If significant new clusters are detected in regional cities and towns, a targeted lock-down may have to be planned and executed for those towns as well.  A nationwide lockdown may only be considered if all those measures fail and should only be considered as a last resort. 

Implications of Addis Ababa lock-down

Locking down a city of 4-5 million people will need advance planning. In a country, where people may not be able to buy and store 2 weeks’ worth of food and water, significant logistics and financial support will be required.  It is, therefore, very important that such types of planning start very early.

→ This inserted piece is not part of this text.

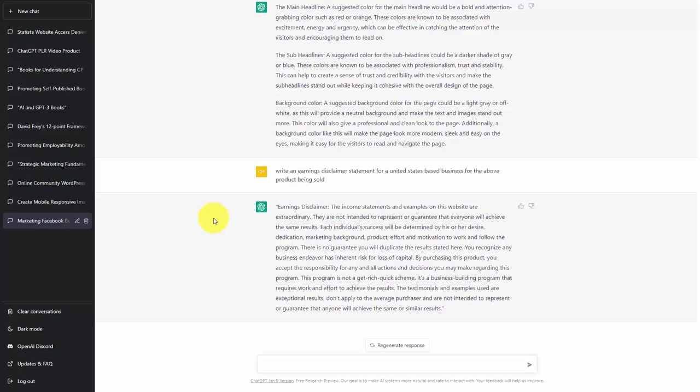Welcome back. We are going to use the contacts we have created in order to write an opt-in page. Basically, what we're going to do is give individuals information from one of the modules and ask ChatGPT to write the copy for our opt-in page.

While it may never be implemented, it is prudent that a well-constructed plan is put in place; chance favors the prepared mind. 

It is the Council’s best judgment that if all the above key interventions are implemented in a systematic and timely way at the speed the virus multiplies, Ethiopia can significantly mitigate the impact of this pandemic on the Ethiopian people.  If these are not implemented to the degree recommended, based on what has been observed in other countries, the COVID-19 epidemic will expand and more aggressive measures disruptive to the economy and life of Ethiopians would have to be implemented.  Even then, it may be too late again based on what has been observed in other countries – the key is to get ahead of the virus. Time is of the essence!!